Today I want to talk about tinkering, the next step in the natural progression that begins with stuckness, which I wrote about a little while ago. Tinkering is how we get unstuck. It’s the process of trial and error that eventually leads us down the path to progress.

I learned a lot about tinkering while trying to build an unbeatable computer player my Clojure TicTacToe, using the “minimax” algorithm. To start, I had some fundamental knowledge of how the algorithm worked from when I had to create it in my Ruby version of TicTacToe, and from that experience and the feedback I got from it, I should have remembered that the best thing for me to do was write out in plain english what it was that I needed my code to do, and then convert that into pseudo code and start building from there.

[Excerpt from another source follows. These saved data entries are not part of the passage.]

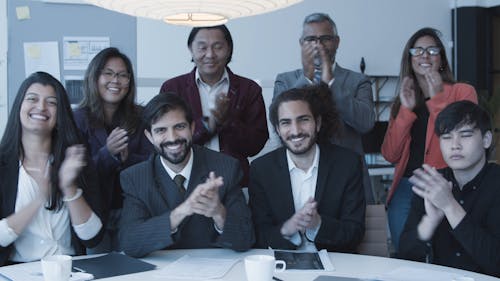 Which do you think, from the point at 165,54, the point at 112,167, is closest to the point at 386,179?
the point at 165,54

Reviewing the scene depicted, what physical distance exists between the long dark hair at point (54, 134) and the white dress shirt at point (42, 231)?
6 centimetres

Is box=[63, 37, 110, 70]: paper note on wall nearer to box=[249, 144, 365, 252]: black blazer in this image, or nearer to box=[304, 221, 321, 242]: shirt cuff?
box=[249, 144, 365, 252]: black blazer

I would call this post-hoc realization my first rule of tinkering:

RULE 1: Start with low fidelity.

In other words, don’t invest time and mental energy into writing code when you have no clue what that code is supposed to be doing. Here’s what I wish I had wrote before I even started coding:

  1. For a given board find all the unmarked spaces on that board
  2. For each unmarked space, create a new board and fill in that space with the cpu’s marker
  3. Evaluate each board for a terminal state (win, loss, tie)
  4. if a board is in a terminal state, associate a score (win+10 loss -10 tie 0) with the space
  5. if not in a terminal state repeat steps 1-4 but filling in the spaces with the opponents marker instead. alternate the markers with each repetition
  6. find the max of all terminal states reached when it was the cpu’s turn and the min when it was the opponents turn. associate these scores with the initial-marked space
  7. Find the max of all the scores that are returned and select the space associated with the max score.

It’s not pretty, it’s not entirely accurate and it’s missing some information, but it was much quicker and easier then trying to figure this all out in code, from scratch (at least, for me). It gives me a pretty good idea of what some of my dependencies will be, where I might need to use a recursive function, and what kind of data-structures to potentially use. More than enough to make some serious progress in pseudo-code.

;minimax [board markers]
;unmarked-spaces = (filter number? board)
;create new board for each unmarked space =
;(map #(mark-spot % marker) unmarked-spaces)
;score each move = (map #(get-score %1 %2 markers) unmarked-spaces possible-boards)

Sweet. So writing out the pseudo-code based on my lo-fi instructions is helping me give some shape to this algorithm early on. I now have this notion of a get-score function that seems to be the meat of my algorithm and deserves it’s own pseudo-code treatment.


;I'm mapping over the get score function so the parameters are
;individual spaces and boards.

(get-score [space board markers]
;first evaluate scores for different game-states
  (cond
    (win-game? board (first markers)) (assoc space {:score 10})
    (win-game? board (second markers))(assoc space {:score -10})
    (tie-game? board) (assoc space {:score 0})
    :else reverse player order = (reverse markers)

; unmarked-spaces = (same as before)
; create new board for each unmarked space = (same as before)
; score new boards = (same as before but we want the same space
;for each board since we only care about the first move)
; if it was your turn last
; (max-by-score scored boards) - we want to return the space with the best
;score since that's the one the computer will
; want to choose on their turn
; (min-by-score scored boards) -

;we want to return the space with the worst
;score since that's the one that the opponent
;will choose on their turn if the game is perfectly played

Sweet, so if I had done this initially, I’d be in a pretty good spot. Cutting this post short now since I’m way behind.